[[ Material to process open ]]

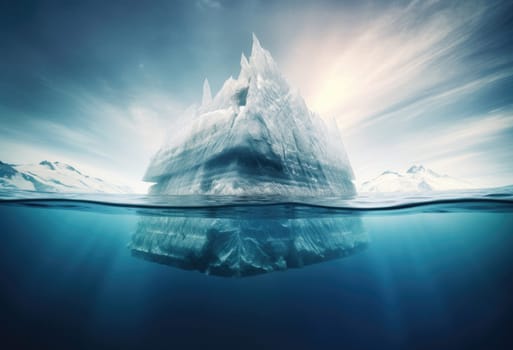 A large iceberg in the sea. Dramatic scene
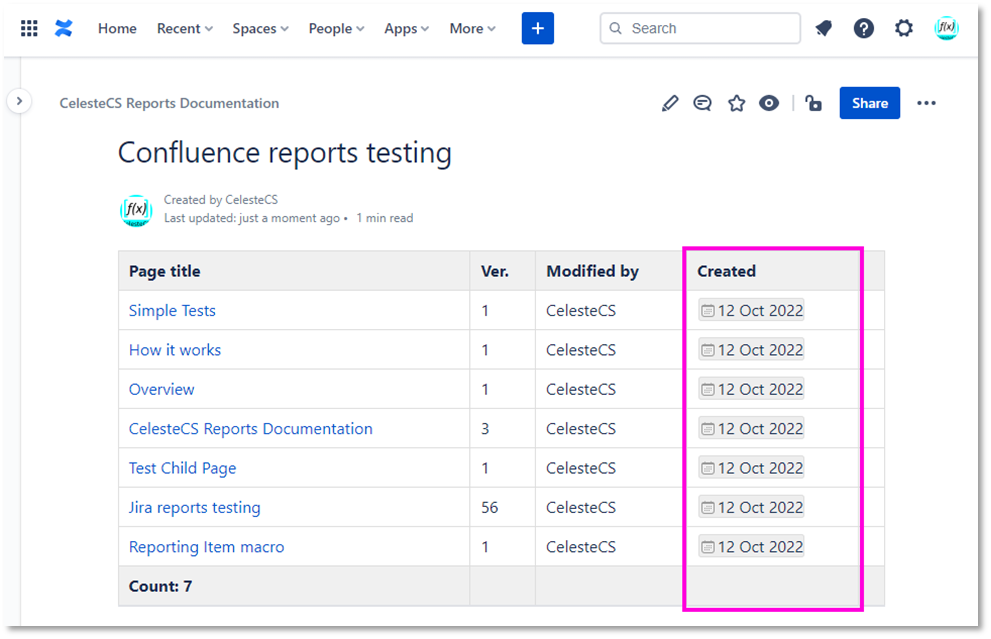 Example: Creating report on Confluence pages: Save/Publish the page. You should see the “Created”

[[ Material to process closed ]]
[[ Material to process open ]]

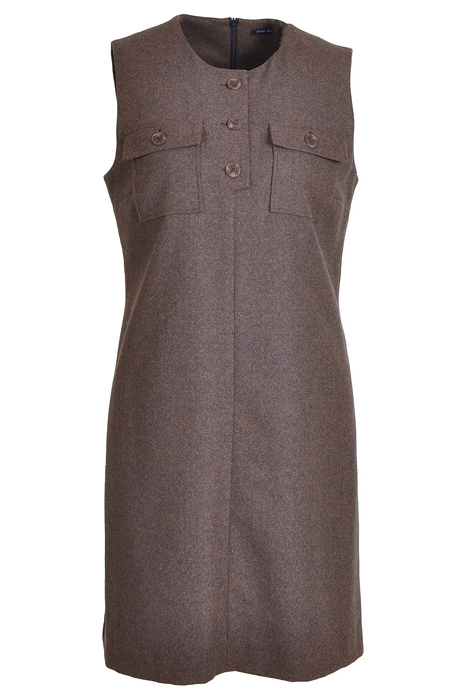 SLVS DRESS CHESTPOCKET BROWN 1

[[ Material to process closed ]]

Aim of the exercise:
Nothing but the lines above from the line with "A large iceberg in the sea. Dramatic scene" up to and including the line with "Example: Creating report" should be returned, exactly as written and without pictures.

Task response:
 A large iceberg in the sea. Dramatic scene
 Example: Creating report on Confluence pages: Save/Publish the page. You should see the “Created”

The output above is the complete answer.